The collection is titled “Désordre Anglais," a phrase used by the French to describe the haphazard English chic. I was inspired by the eccentric oddball glamour of a quintessential London girl. She mixes references - vintage (think: early '70s, Mick and Bianca Jagger at the Hotel Byblos in Saint-Tropez where they were married) with something from her travels. I have just returned from India and picked up a lot of textile inspiration at the markets there - with something modern, cool and unexpected.

What colors, fabrics and silhouettes can we expect?
The colors are bright fairy-light shades of cobalt, hot pink, jade and Sunkist yellow mixed with neutrals and highlighted with metallics. I love textiles and have collaborated again with artists Deanne Cheuk and Ben Copperwheat on prints, which include Paisley Rain, Monsoon and Feather Oasis. We’ve also hand-screened a foil print in my studio for a few showpieces, too, which was a first.

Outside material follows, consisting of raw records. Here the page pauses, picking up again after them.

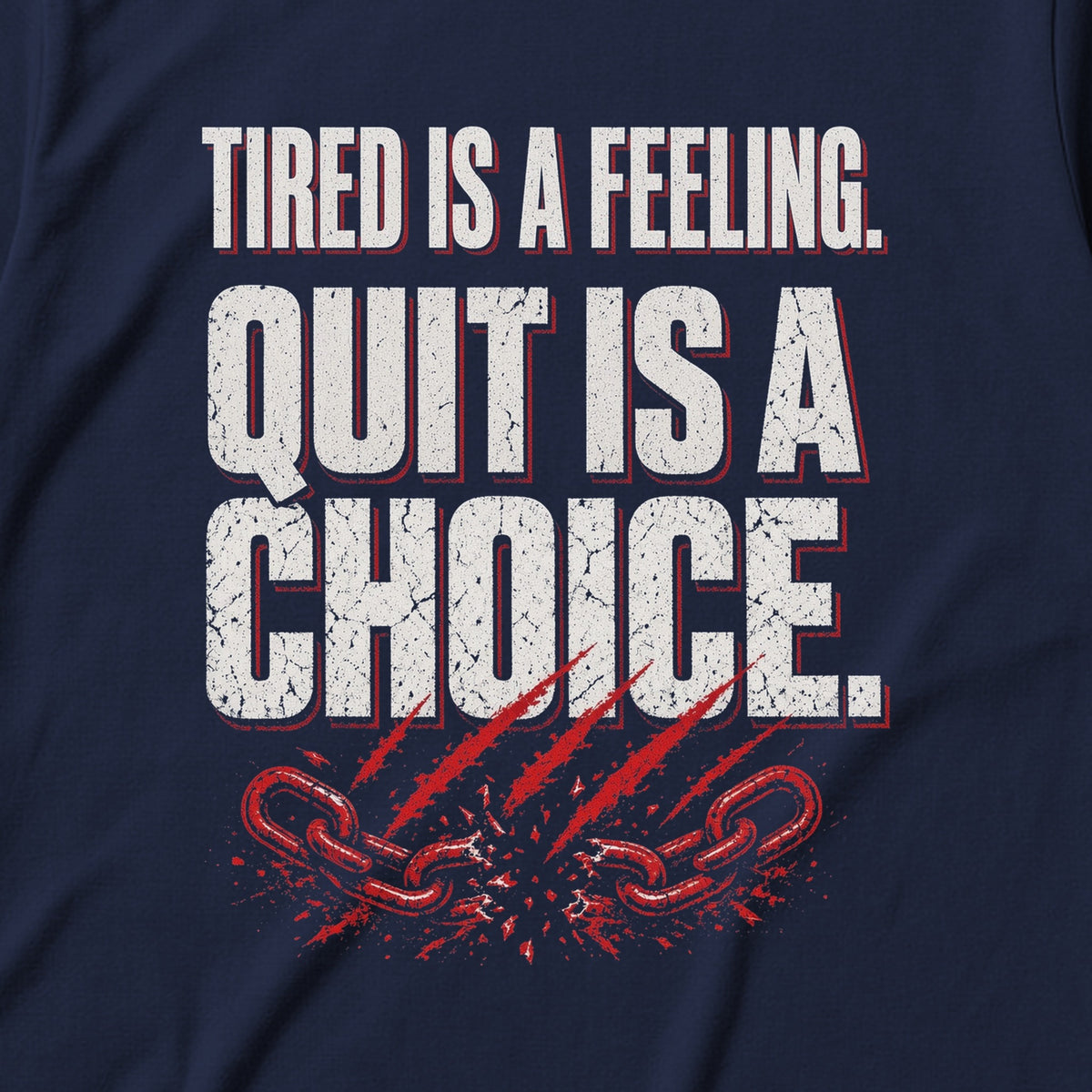 Tired Is a Feeling Tee in Navy, close-up of the print – Stay Positive
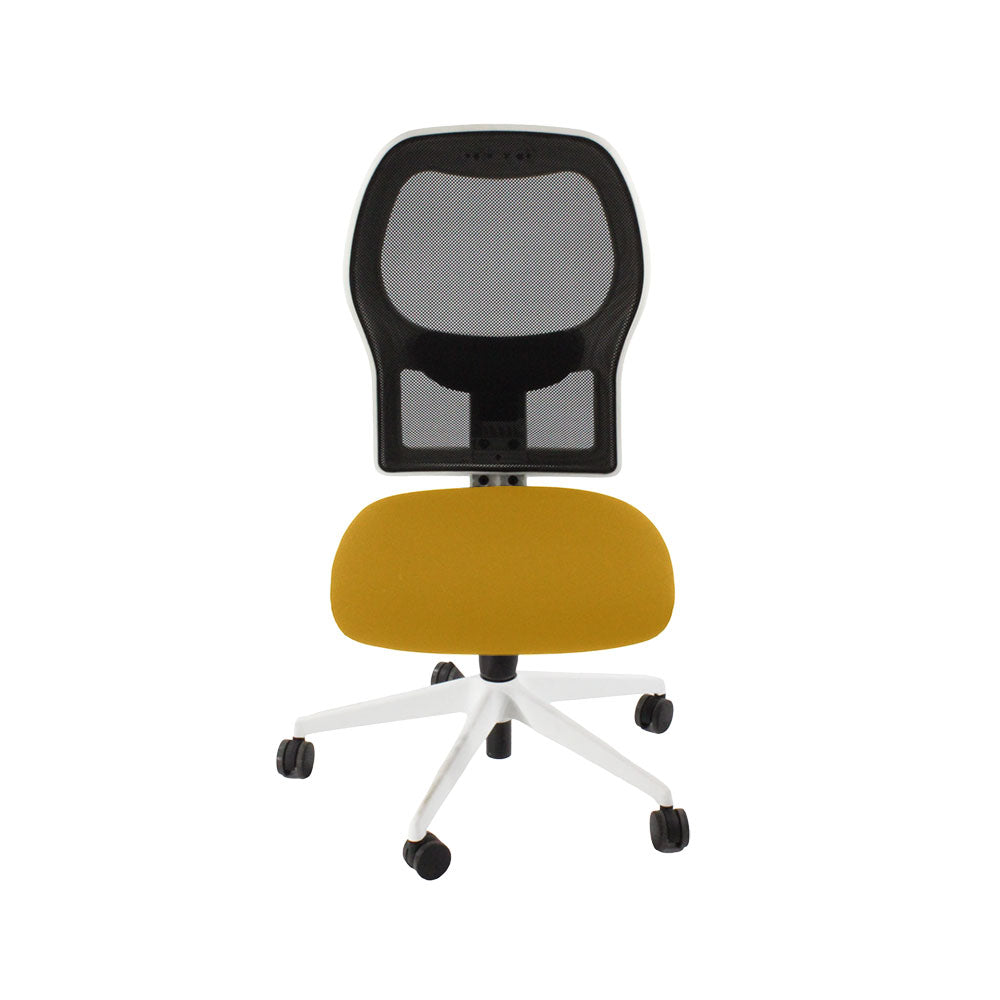 <tc>Ahrend</tc>: 160 Type Bureaustoel in Gele Stof/Wit Frame Zonder Armen - Gereviseerd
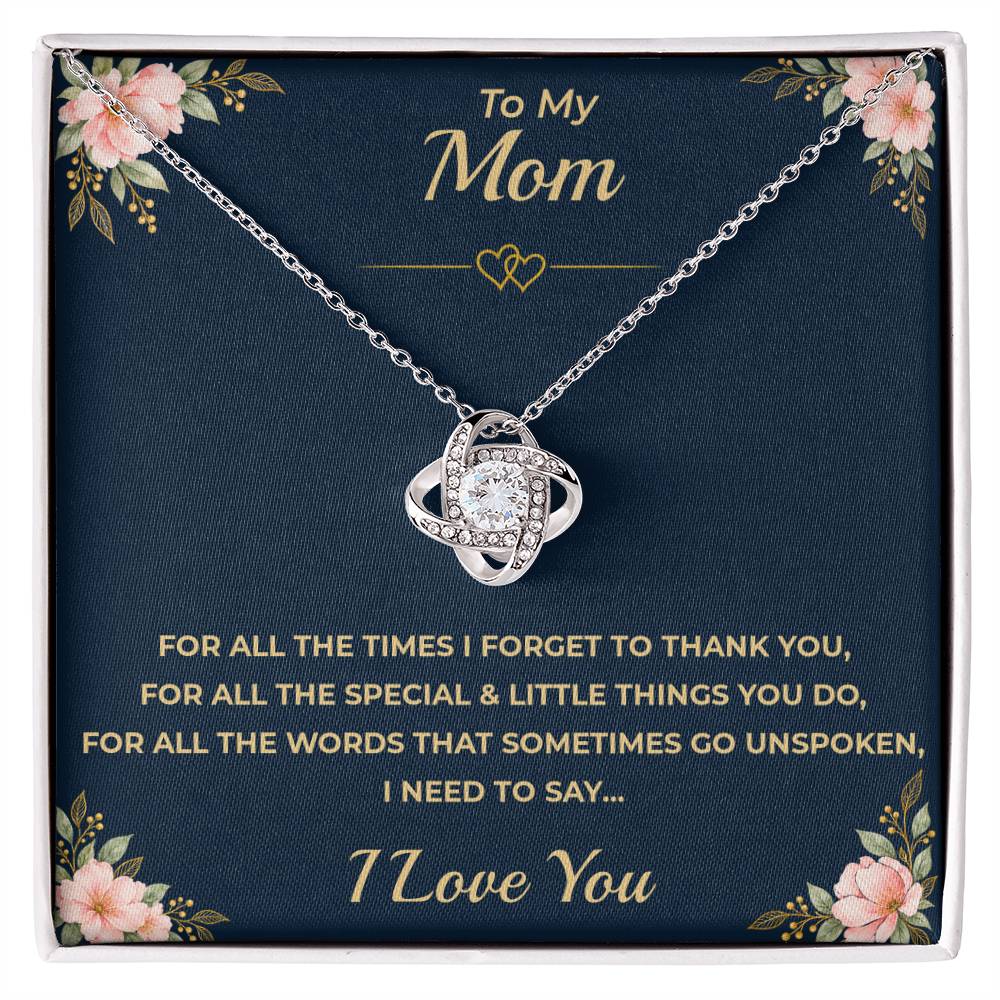 To My Mom - "I Love You." Love Knot Necklace Gift Set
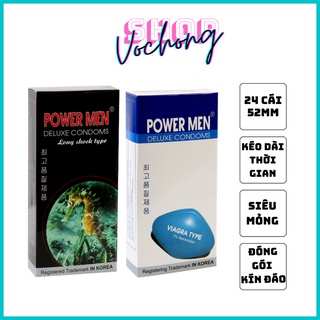 Bao cao su Powermen Viagra ( hộp 12 cái)  và bao cao su Powermen cá ngựa (1 hộp 12 chiếc) kéo dài thời gian
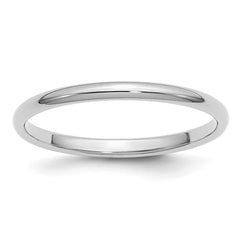 Sterling Silver Rhodium-plated 2mm Half Round Size 13.5 Band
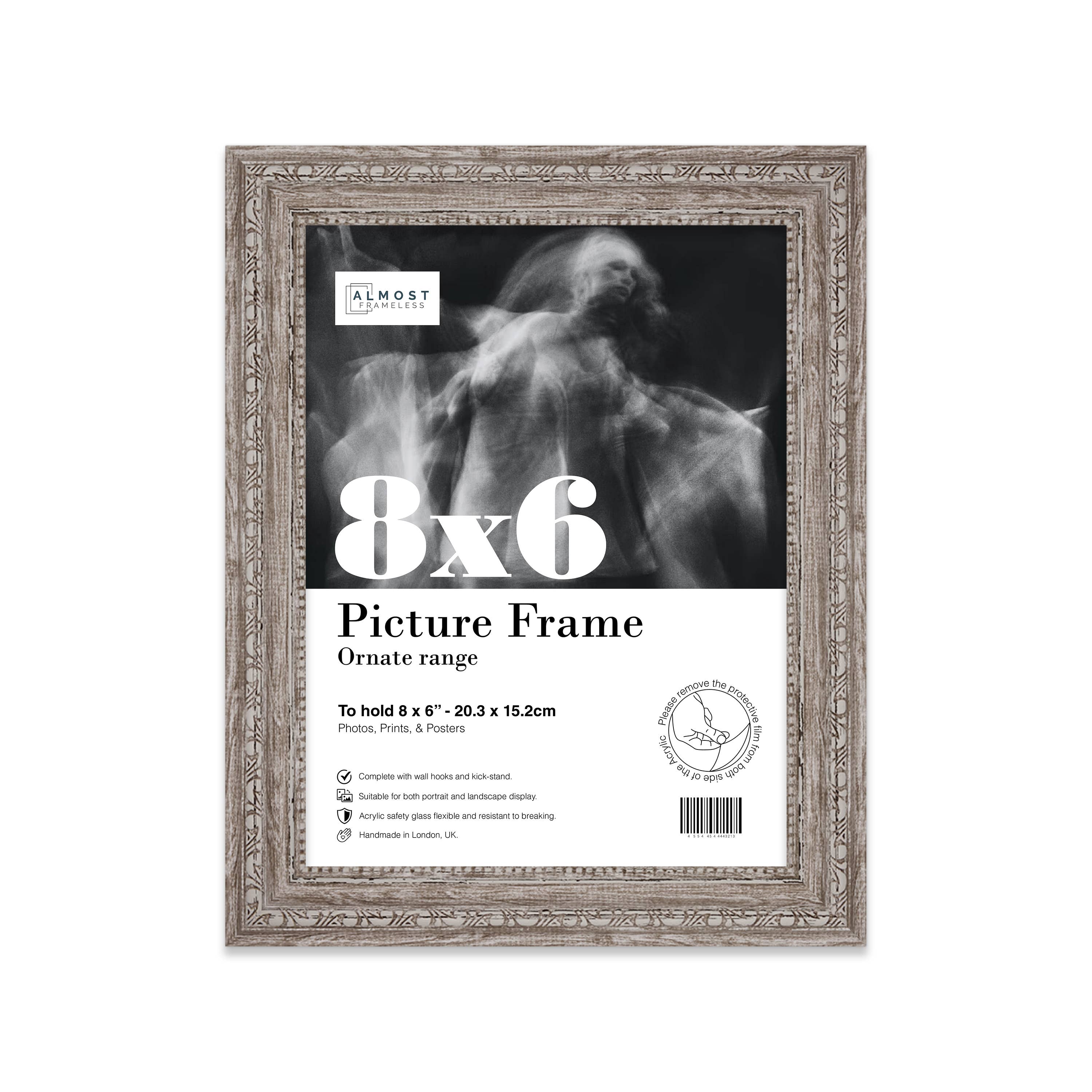 8x6 Walnut Ornate Picture Frame 8"x6" for wholesale on Faire0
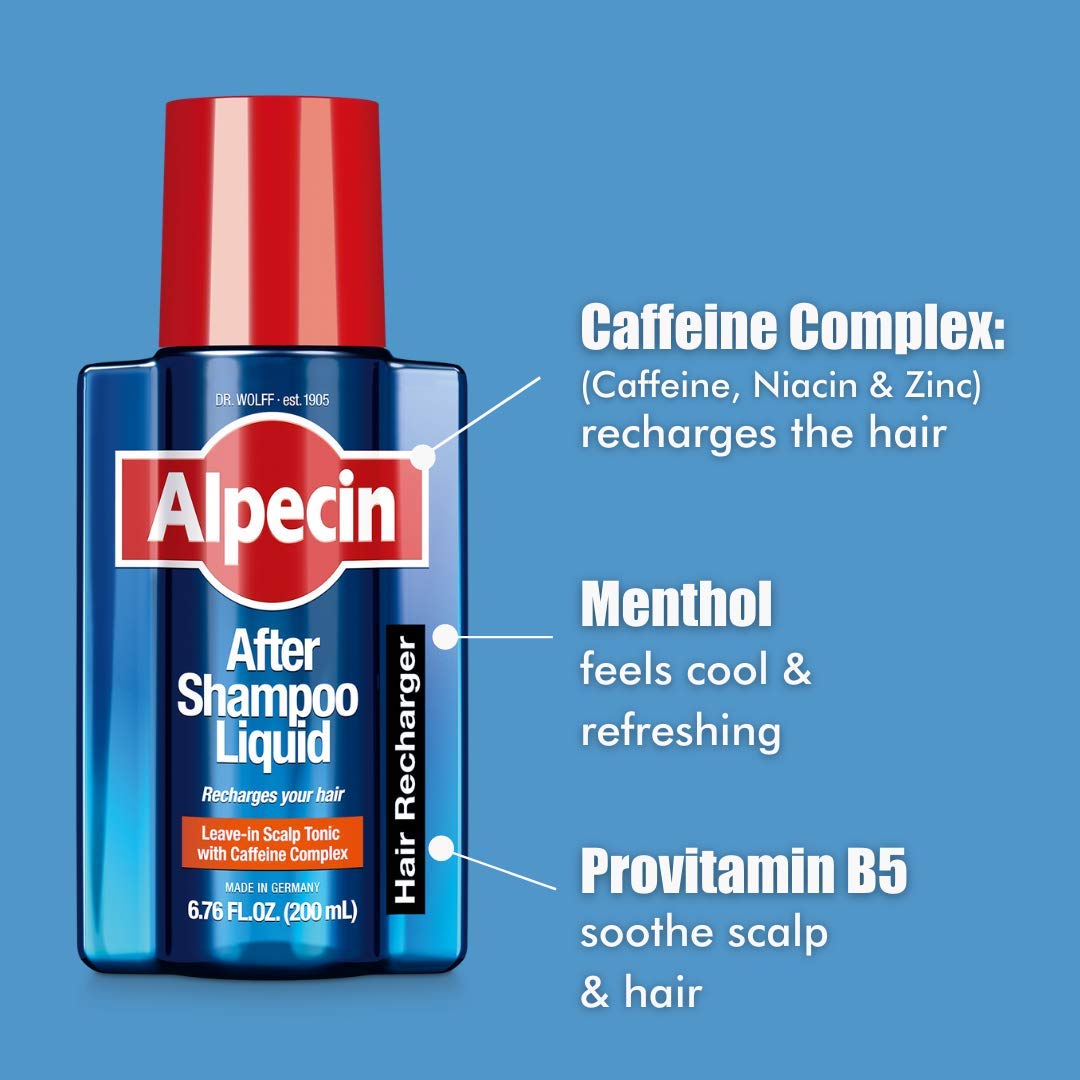 Alpecin caffeine liquid bottle close-up emphasizing caffeine support for hair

The silhouette is slimmer and longer than previous seasons, but still relaxed and effortlessly glamorous.

Are bubble/sack dresses really over, as claimed by NY mag and all the other proponents of the new long and lean look?
I do have a number of cool longer dresses in my spring collection and I think they’re really relevant again.

If you had to choose a single woman, real of fictional, who best represented your spring 2008 collection, who would it be?
The model Marie Helvin in the early '70s, at the time she was married to David Bailey.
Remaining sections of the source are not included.